> WORK INSTRUCTIONS: Output the whole listing exactly, except for the pictures in it.

INPUT MATERIAL Block Start

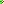 Destellos dst-3680047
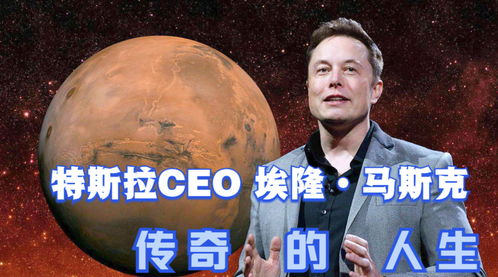 销售燃料油 第12页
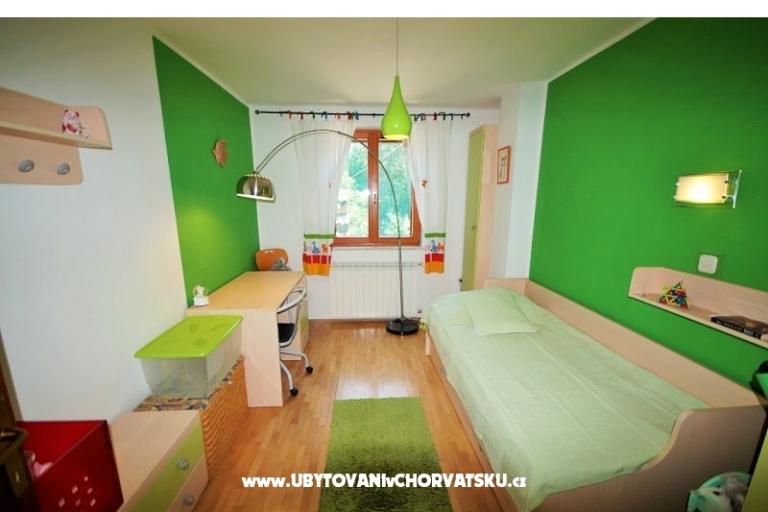 Casa Corina – foto 11
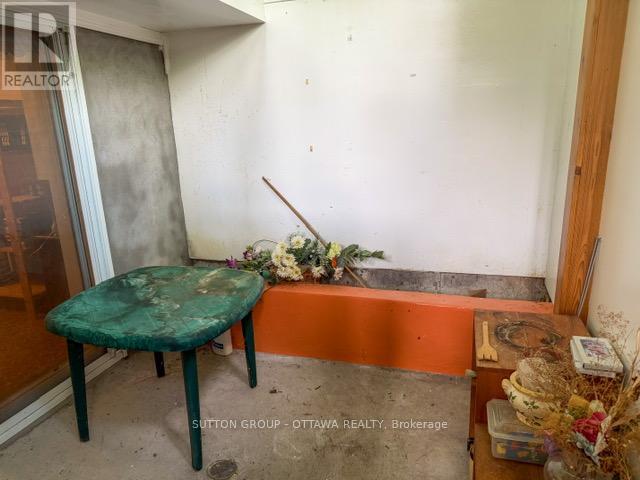 767 Claude Street, Ottawa, Ontario  K1K 2S1 - Photo 18 - X13472660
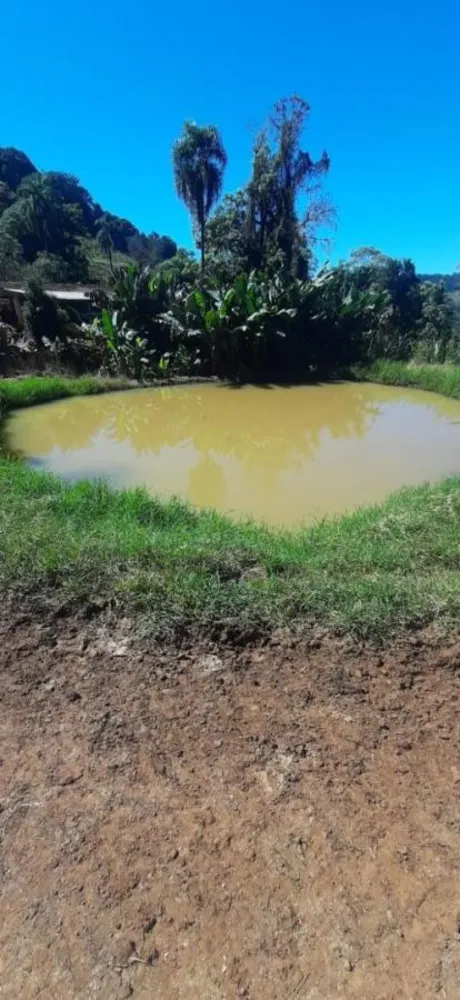 Loteamento e Condomínio, 32 hectares - Foto 9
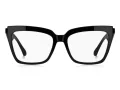 Etro ETRO 0006 807 55 Women glasses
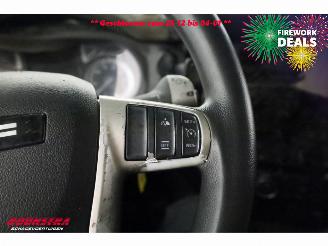 DAF CF 230 FA LBW Dhollandia Euro 6 304.000 KM!! picture 18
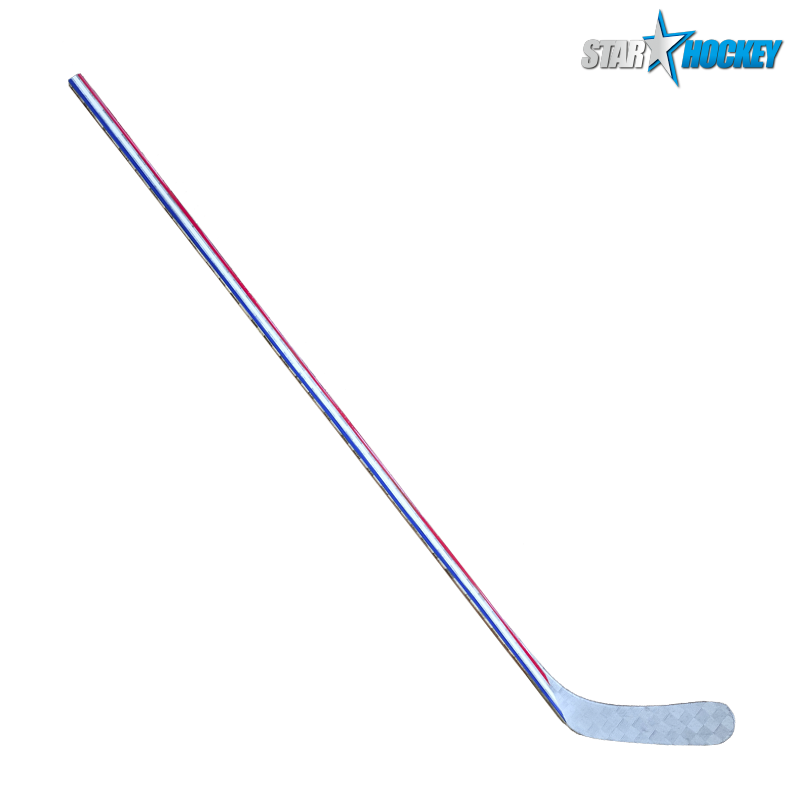 EISHOCKEYSTOCK JUNIOR 140cm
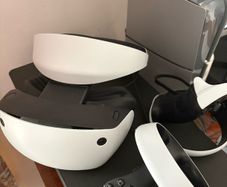 playstation VR2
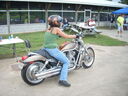 DSCN6314.JPG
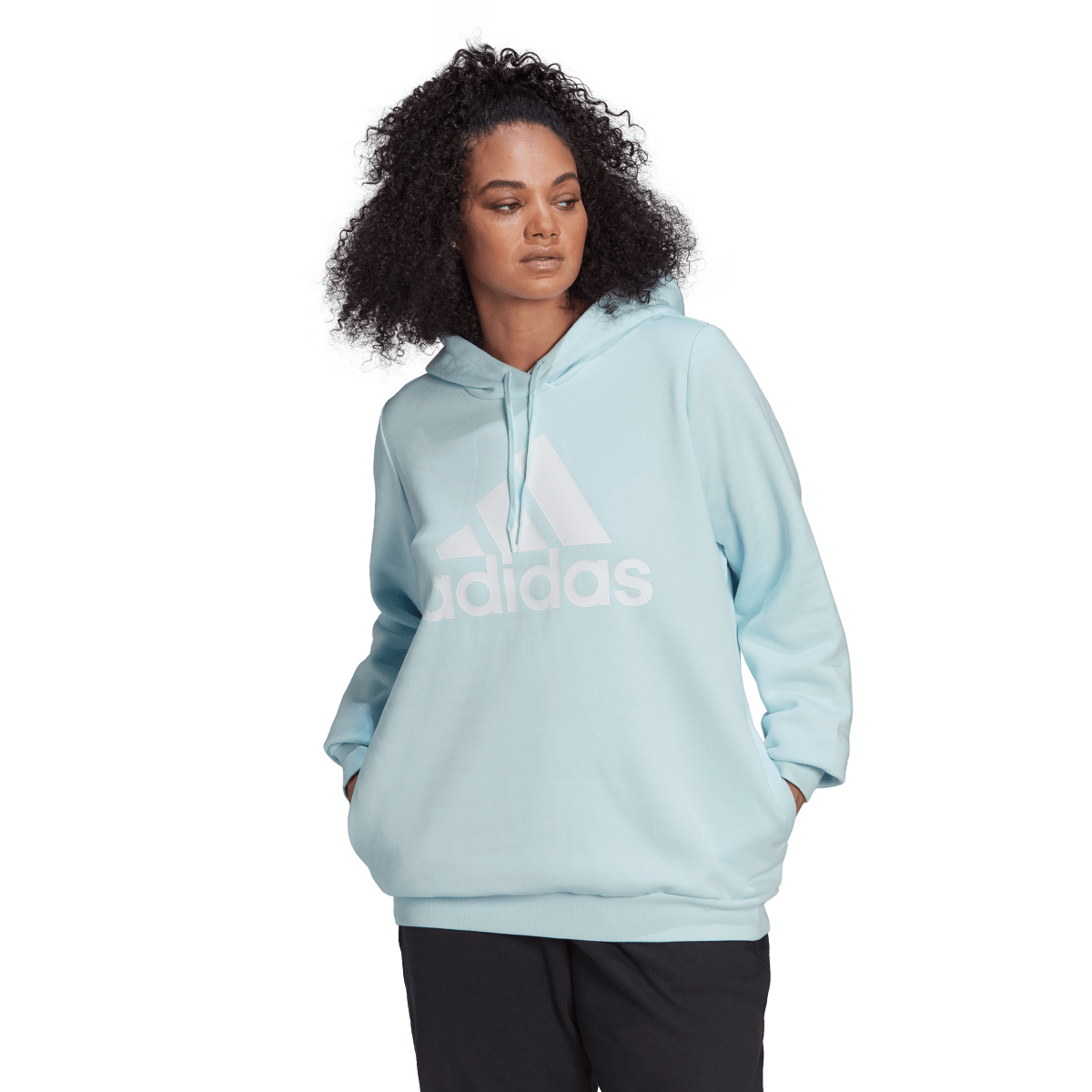 W inc bl fl hd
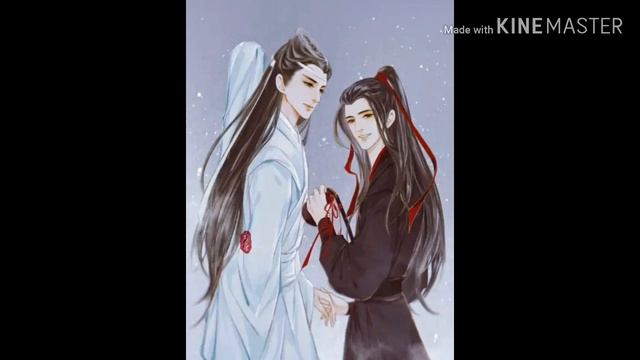 //-аниме клип "холодок"-//(ч.о) смотреть онлайн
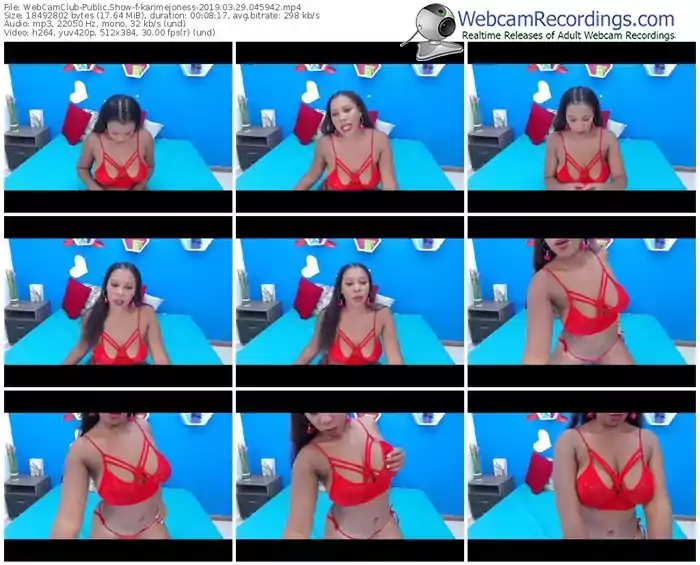 webcamclub-karimejoness-webcam-show-03_29_2019-04_59_42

INPUT MATERIAL Block End

> RESPONSE TO THE EXERCISE:
 Destellos dst-3680047
 销售燃料油 第12页
 Casa Corina – foto 11
 767 Claude Street, Ottawa, Ontario  K1K 2S1 - Photo 18 - X13472660
 Loteamento e Condomínio, 32 hectares - Foto 9
 Etro ETRO 0006 807 55 Women glasses
 DAF CF 230 FA LBW Dhollandia Euro 6 304.000 KM!! picture 18
 EISHOCKEYSTOCK JUNIOR 140cm
 playstation VR2
 DSCN6314.JPG
 W inc bl fl hd
 //-аниме клип "холодок"-//(ч.о) смотреть онлайн
 webcamclub-karimejoness-webcam-show-03_29_2019-04_59_42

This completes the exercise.